Да, завтра решится вопрос: отправят ли его светить куда-нибудь в предместье на мост, ушлют ли в деревню или на фабрику, или же прямо в переплавку. Из него могло ведь выйти что угодно, но его ужасно мучила неизвестность: сохранит ли он воспоминание о том, что некогда был уличным фонарем или нет? Впрочем, как бы там ни было, ему, во всяком случае, придется расстаться с ночным сторожем и его женой, на которых он смотрел, как на родных. Оба они — и фонарь и сторож — поступили на службу в один и тот же день. Жена сторожа в те времена была гордячка: и, проходя мимо фонаря, удостаивала его взглядом только по вечерам, а днем — никогда. Но в последние годы, когда они все трое — и сторож, и жена его, и фонарь — уже состарились, она тоже стала ухаживать за фонарем, чистить лампу и наливать в нее ворвань. Честные люди были эти старики, ни разу не обделили фонарь ни на капельку!

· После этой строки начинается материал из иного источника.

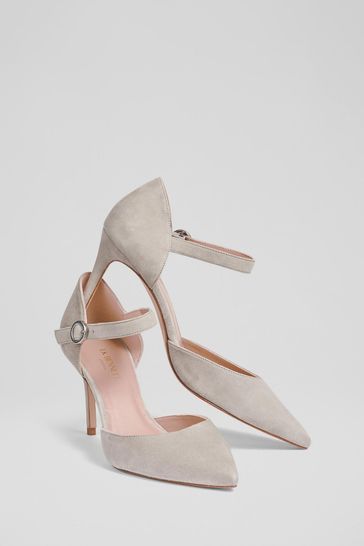 Grey suede ankle strap heels on sale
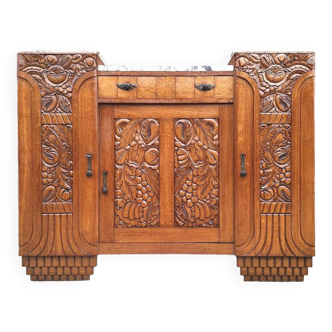 Art deco sideboard with marble tops, old china cabinet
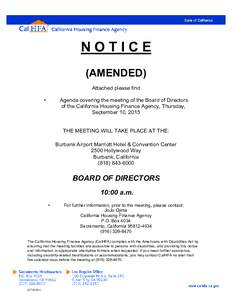 NOTICE (AMENDED) Attached please find •  Agenda covering the meeting of the Board of Directors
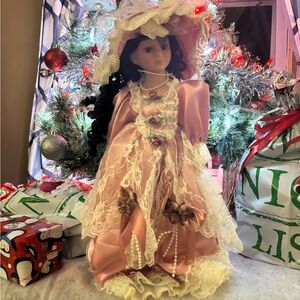 Charming Porcelain Pink Doll with Lace Dress
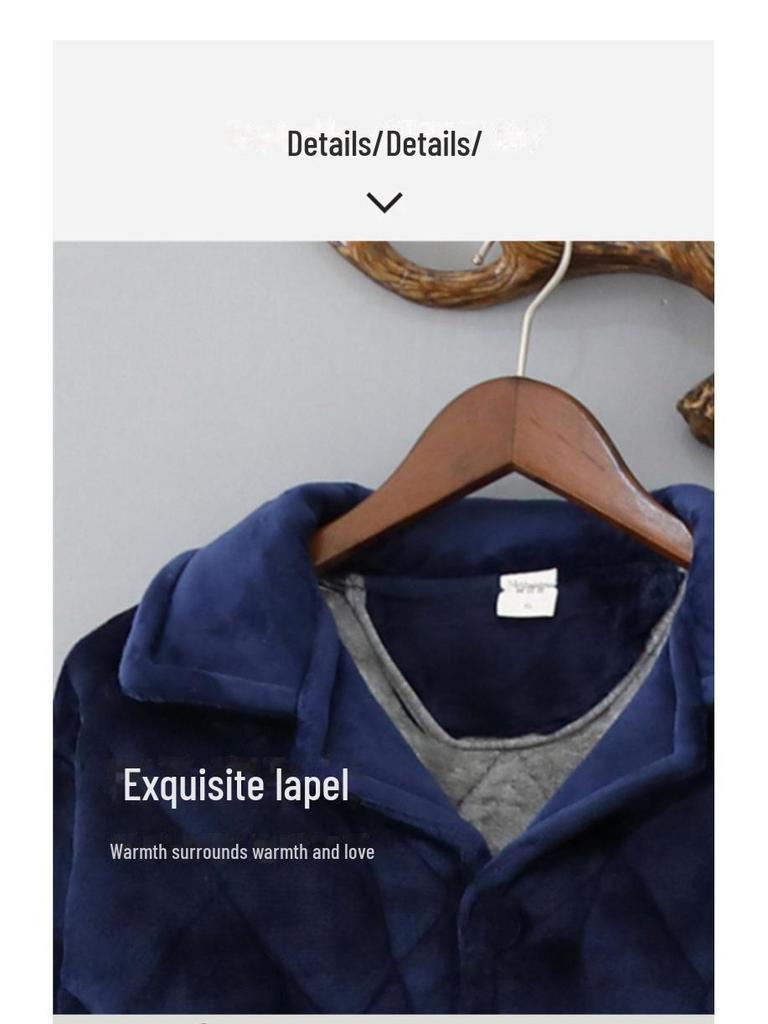 Prisoner's Winter Cotton Jacket & Coral Fleece Pajamas Set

Итак, фонарь освещал улицу последний вечер, а назавтра должен был отправиться в ратушу. Эти две мрачные мысли не давали ему покоя; поэтому можно представить себе, как он горел. Порою у него мелькали и другие мысли — он ведь многое видел, на многое пришлось ему пролить свет; в этом отношении он стоял, пожалуй, выше самих «тридцати шести отцов города»! Но он и не заговаривал об этом: почтенный старый фонарь не хотел обижать никого, а тем более свое высшее начальство. Фонарь много чего помнил, и время от времени пламя его порывисто вспыхивало, словно в нем шевелились такие мысли: «Да, и обо мне кое-кто вспомнит! Вот хоть бы тот красивый молодой человек… Много уж лет прошло с тех пор. Он подошел ко мне с исписанным листком розовой, тонкой-претонкой бумаги с золотым обрезом. Письмо было написано так изящно, как видно дамской ручкой! Он прочел его два раза, поцеловал и поднял на меня сияющие глаза, которые так и говорили: «Я счастливейший человек в мире!» Да, только мы с ним и знали, что написала в этом первом письмеце его возлюбленная. Помню я и еще одни глаза… Удивительно, как перескакивают мысли! По нашей улице двигалась пышная похоронная процессия; на бархатном катафалке везли в гробу тело молодой, прекрасной женщины. Сколько тут было цветов и венков! Горело так много факелов, что мой свет совсем потерялся. Тротуар был заполнен народом — столько людей шло за гробом. Но когда факелы скрылись из виду, я огляделся и увидел человека, который стоял у моего столба и плакал. Никогда я не забуду того скорбного взгляда, который он вскинул на меня».